Collected data
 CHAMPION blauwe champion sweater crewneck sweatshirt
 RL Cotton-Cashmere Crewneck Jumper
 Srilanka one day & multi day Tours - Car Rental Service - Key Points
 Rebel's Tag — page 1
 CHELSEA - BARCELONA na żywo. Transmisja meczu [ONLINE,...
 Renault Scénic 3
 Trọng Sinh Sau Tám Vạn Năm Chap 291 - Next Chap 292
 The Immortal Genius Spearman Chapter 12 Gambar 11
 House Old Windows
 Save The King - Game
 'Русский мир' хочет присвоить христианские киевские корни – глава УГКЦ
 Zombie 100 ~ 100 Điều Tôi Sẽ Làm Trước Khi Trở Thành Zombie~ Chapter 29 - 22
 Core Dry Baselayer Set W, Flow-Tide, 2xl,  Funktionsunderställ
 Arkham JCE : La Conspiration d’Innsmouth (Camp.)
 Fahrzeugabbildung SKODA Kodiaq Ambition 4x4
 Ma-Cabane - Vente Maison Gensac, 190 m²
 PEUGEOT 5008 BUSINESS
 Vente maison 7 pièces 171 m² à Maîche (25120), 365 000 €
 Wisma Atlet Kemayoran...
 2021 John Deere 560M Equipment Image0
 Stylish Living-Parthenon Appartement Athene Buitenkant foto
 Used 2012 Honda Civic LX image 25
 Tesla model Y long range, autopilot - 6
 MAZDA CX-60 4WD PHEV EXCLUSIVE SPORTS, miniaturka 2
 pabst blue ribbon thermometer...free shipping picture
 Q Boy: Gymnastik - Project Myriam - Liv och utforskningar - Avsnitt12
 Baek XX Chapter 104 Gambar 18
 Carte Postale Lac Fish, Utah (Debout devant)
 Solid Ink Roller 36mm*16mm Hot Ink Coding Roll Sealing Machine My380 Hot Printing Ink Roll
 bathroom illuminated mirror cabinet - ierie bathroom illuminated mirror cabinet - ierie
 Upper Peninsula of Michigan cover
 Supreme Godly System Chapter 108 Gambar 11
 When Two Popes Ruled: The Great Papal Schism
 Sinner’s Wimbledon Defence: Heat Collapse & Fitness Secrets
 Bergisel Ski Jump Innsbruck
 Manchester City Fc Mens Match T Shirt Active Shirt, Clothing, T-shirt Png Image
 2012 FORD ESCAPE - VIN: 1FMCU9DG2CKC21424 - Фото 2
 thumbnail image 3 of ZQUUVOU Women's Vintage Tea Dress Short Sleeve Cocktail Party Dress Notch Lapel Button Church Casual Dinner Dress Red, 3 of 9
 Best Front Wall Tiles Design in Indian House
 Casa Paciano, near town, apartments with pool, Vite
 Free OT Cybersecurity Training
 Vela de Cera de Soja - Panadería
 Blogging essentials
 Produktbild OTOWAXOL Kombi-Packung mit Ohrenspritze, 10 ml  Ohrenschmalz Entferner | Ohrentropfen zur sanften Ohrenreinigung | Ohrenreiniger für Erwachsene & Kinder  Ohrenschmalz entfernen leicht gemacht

# Exercise aim:
The data above must be repeated in its entirety, exactly as given.

# Exercise solution:
 CHAMPION blauwe champion sweater crewneck sweatshirt
 RL Cotton-Cashmere Crewneck Jumper
 Srilanka one day & multi day Tours - Car Rental Service - Key Points
 Rebel's Tag — page 1
 CHELSEA - BARCELONA na żywo. Transmisja meczu [ONLINE,...
 Renault Scénic 3
 Trọng Sinh Sau Tám Vạn Năm Chap 291 - Next Chap 292
 The Immortal Genius Spearman Chapter 12 Gambar 11
 House Old Windows
 Save The King - Game
 'Русский мир' хочет присвоить христианские киевские корни – глава УГКЦ
 Zombie 100 ~ 100 Điều Tôi Sẽ Làm Trước Khi Trở Thành Zombie~ Chapter 29 - 22
 Core Dry Baselayer Set W, Flow-Tide, 2xl,  Funktionsunderställ
 Arkham JCE : La Conspiration d’Innsmouth (Camp.)
 Fahrzeugabbildung SKODA Kodiaq Ambition 4x4
 Ma-Cabane - Vente Maison Gensac, 190 m²
 PEUGEOT 5008 BUSINESS
 Vente maison 7 pièces 171 m² à Maîche (25120), 365 000 €
 Wisma Atlet Kemayoran...
 2021 John Deere 560M Equipment Image0
 Stylish Living-Parthenon Appartement Athene Buitenkant foto
 Used 2012 Honda Civic LX image 25
 Tesla model Y long range, autopilot - 6
 MAZDA CX-60 4WD PHEV EXCLUSIVE SPORTS, miniaturka 2
 pabst blue ribbon thermometer...free shipping picture
 Q Boy: Gymnastik - Project Myriam - Liv och utforskningar - Avsnitt12
 Baek XX Chapter 104 Gambar 18
 Carte Postale Lac Fish, Utah (Debout devant)
 Solid Ink Roller 36mm*16mm Hot Ink Coding Roll Sealing Machine My380 Hot Printing Ink Roll
 bathroom illuminated mirror cabinet - ierie bathroom illuminated mirror cabinet - ierie
 Upper Peninsula of Michigan cover
 Supreme Godly System Chapter 108 Gambar 11
 When Two Popes Ruled: The Great Papal Schism
 Sinner’s Wimbledon Defence: Heat Collapse & Fitness Secrets
 Bergisel Ski Jump Innsbruck
 Manchester City Fc Mens Match T Shirt Active Shirt, Clothing, T-shirt Png Image
 2012 FORD ESCAPE - VIN: 1FMCU9DG2CKC21424 - Фото 2
 thumbnail image 3 of ZQUUVOU Women's Vintage Tea Dress Short Sleeve Cocktail Party Dress Notch Lapel Button Church Casual Dinner Dress Red, 3 of 9
 Best Front Wall Tiles Design in Indian House
 Casa Paciano, near town, apartments with pool, Vite
 Free OT Cybersecurity Training
 Vela de Cera de Soja - Panadería
 Blogging essentials
 Produktbild OTOWAXOL Kombi-Packung mit Ohrenspritze, 10 ml  Ohrenschmalz Entferner | Ohrentropfen zur sanften Ohrenreinigung | Ohrenreiniger für Erwachsene & Kinder  Ohrenschmalz entfernen leicht gemacht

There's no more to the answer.